## Directions
Return only the lines from the one containing "John‎ Carpenter's Halloween" to the end of the material, with each one exactly as it appears.

## Record set
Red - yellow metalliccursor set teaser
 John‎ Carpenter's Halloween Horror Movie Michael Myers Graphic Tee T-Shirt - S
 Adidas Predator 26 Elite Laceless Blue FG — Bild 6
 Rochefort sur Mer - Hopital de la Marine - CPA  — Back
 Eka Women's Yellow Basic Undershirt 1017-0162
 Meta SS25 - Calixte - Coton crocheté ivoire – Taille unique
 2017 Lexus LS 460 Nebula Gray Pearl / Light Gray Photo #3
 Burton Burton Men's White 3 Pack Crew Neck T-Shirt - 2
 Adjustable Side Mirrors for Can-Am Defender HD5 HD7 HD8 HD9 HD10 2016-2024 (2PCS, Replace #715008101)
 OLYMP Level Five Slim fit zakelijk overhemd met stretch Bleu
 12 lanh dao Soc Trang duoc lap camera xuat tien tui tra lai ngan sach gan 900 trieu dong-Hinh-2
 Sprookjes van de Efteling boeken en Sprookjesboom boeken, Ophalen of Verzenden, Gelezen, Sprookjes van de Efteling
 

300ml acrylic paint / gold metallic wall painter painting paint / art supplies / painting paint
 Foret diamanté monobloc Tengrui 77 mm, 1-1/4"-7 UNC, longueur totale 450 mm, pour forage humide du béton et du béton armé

## Answer space
 John‎ Carpenter's Halloween Horror Movie Michael Myers Graphic Tee T-Shirt - S
 Adidas Predator 26 Elite Laceless Blue FG — Bild 6
 Rochefort sur Mer - Hopital de la Marine - CPA  — Back
 Eka Women's Yellow Basic Undershirt 1017-0162
 Meta SS25 - Calixte - Coton crocheté ivoire – Taille unique
 2017 Lexus LS 460 Nebula Gray Pearl / Light Gray Photo #3
 Burton Burton Men's White 3 Pack Crew Neck T-Shirt - 2
 Adjustable Side Mirrors for Can-Am Defender HD5 HD7 HD8 HD9 HD10 2016-2024 (2PCS, Replace #715008101)
 OLYMP Level Five Slim fit zakelijk overhemd met stretch Bleu
 12 lanh dao Soc Trang duoc lap camera xuat tien tui tra lai ngan sach gan 900 trieu dong-Hinh-2
 Sprookjes van de Efteling boeken en Sprookjesboom boeken, Ophalen of Verzenden, Gelezen, Sprookjes van de Efteling
 

300ml acrylic paint / gold metallic wall painter painting paint / art supplies / painting paint
 Foret diamanté monobloc Tengrui 77 mm, 1-1/4"-7 UNC, longueur totale 450 mm, pour forage humide du béton et du béton armé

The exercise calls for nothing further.